Problem statement: What you return must be the full data, repeated verbatim, with no pictures in it.

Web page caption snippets
################

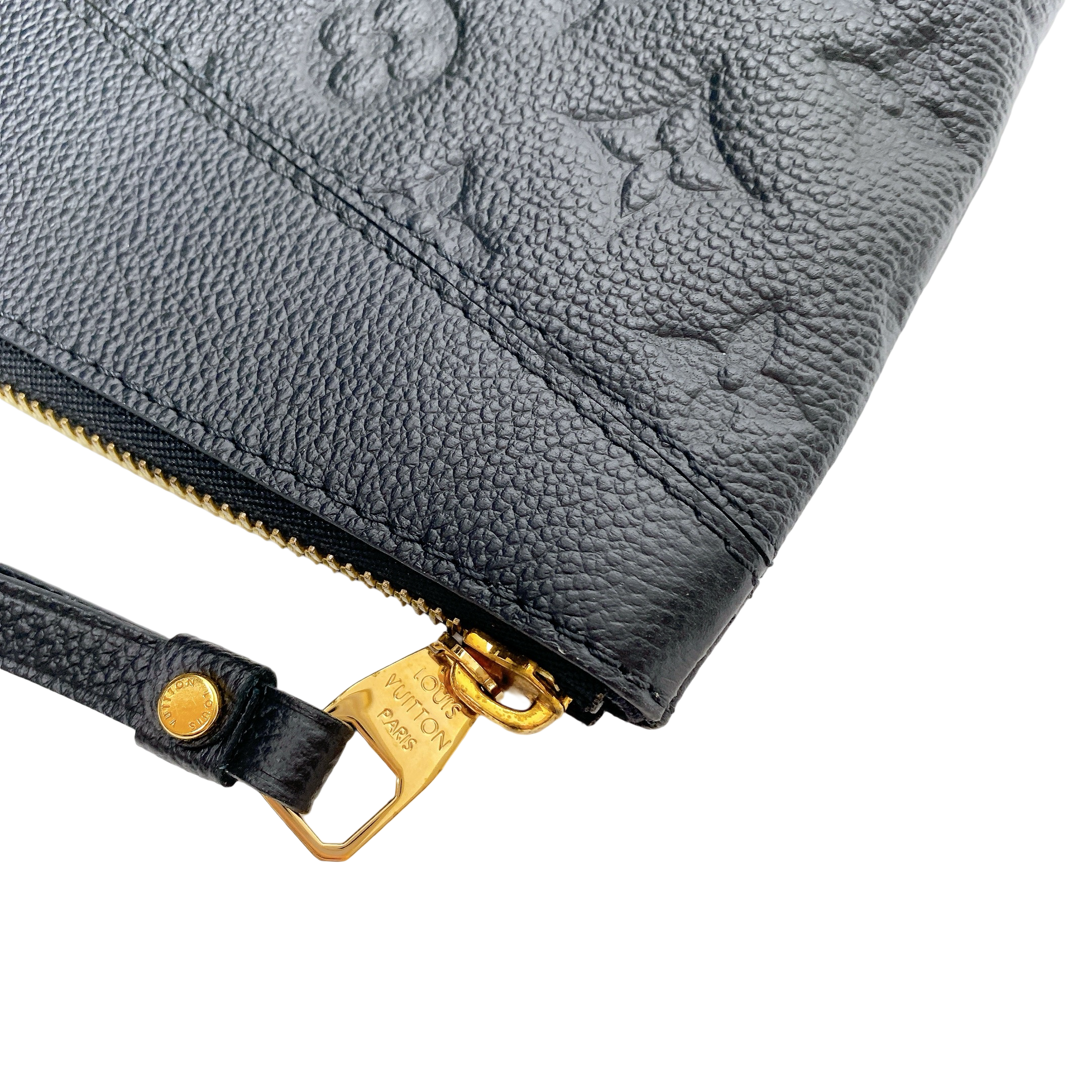 LV DAILY POUCH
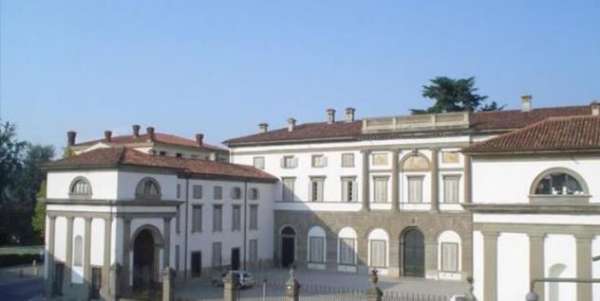 Foto Postazioni ed uffici condivisi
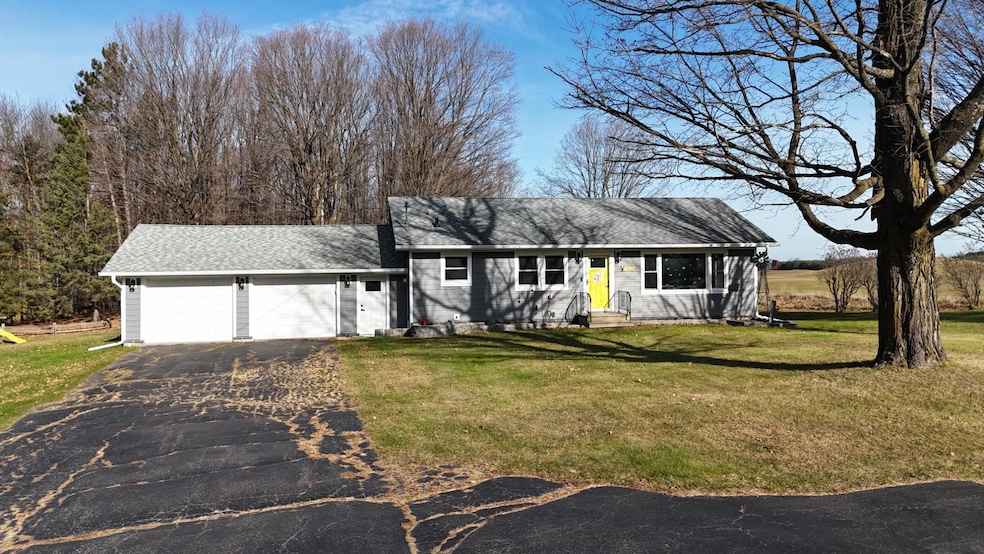 For Sale $299,900 • Co-Listing Agent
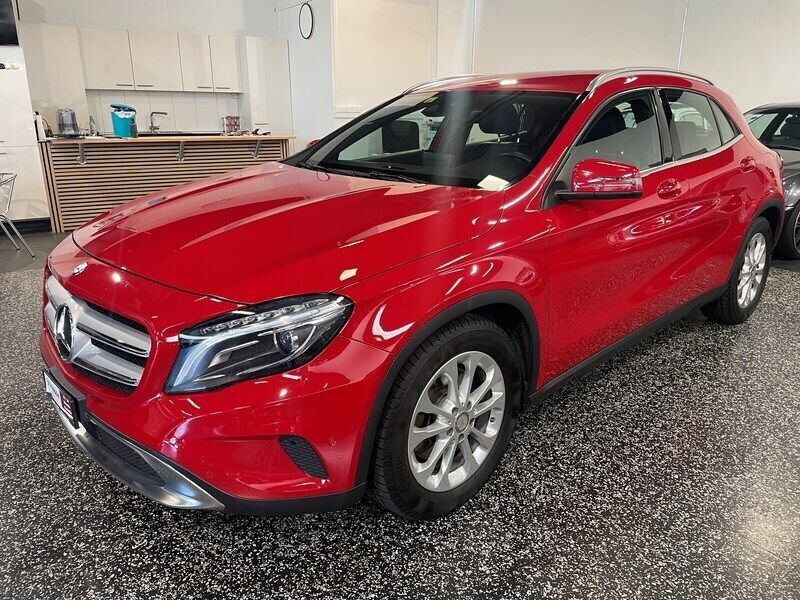 Gebraucht Mercedes GLA250 Urban 211 PS (155 kW) 2016 SUV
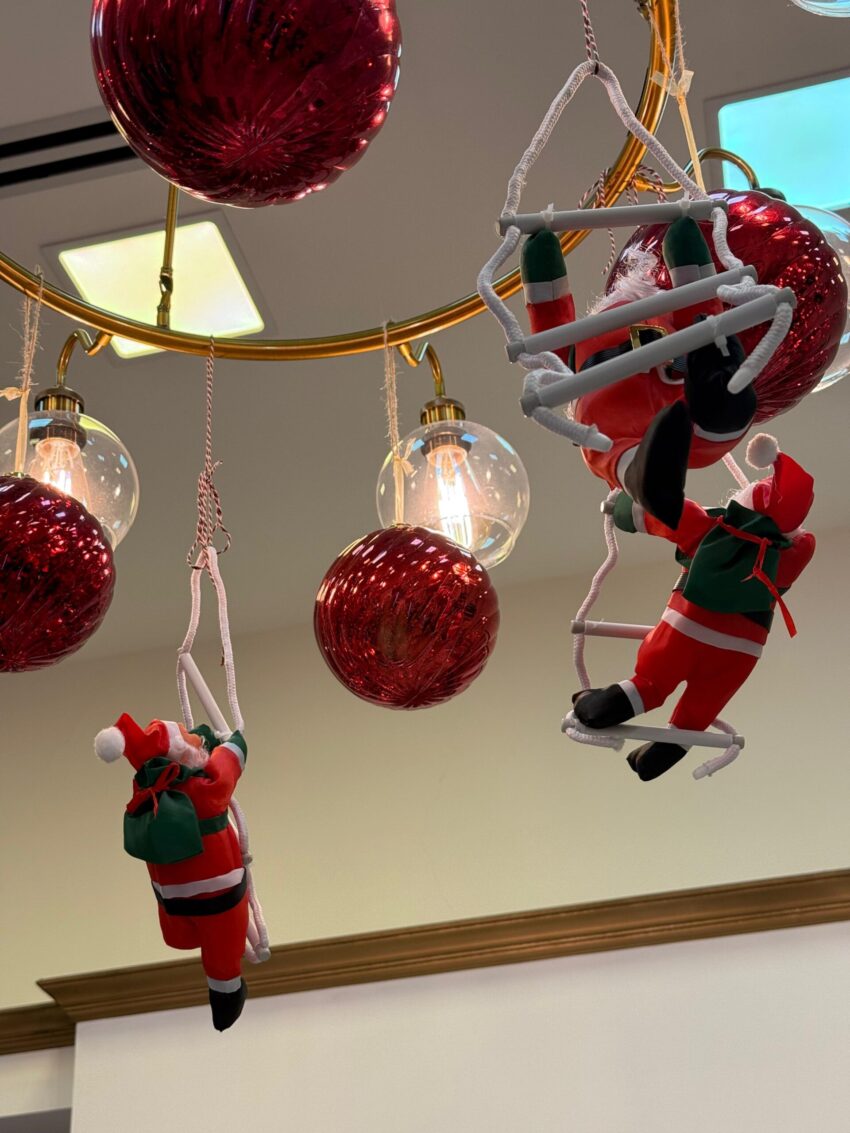 קישוטים לכריסטמס בעבאס אוגלו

################

Response to this task:
 LV DAILY POUCH
 Foto Postazioni ed uffici condivisi
 For Sale $299,900 • Co-Listing Agent
 Gebraucht Mercedes GLA250 Urban 211 PS (155 kW) 2016 SUV
 קישוטים לכריסטמס בעבאס אוגלו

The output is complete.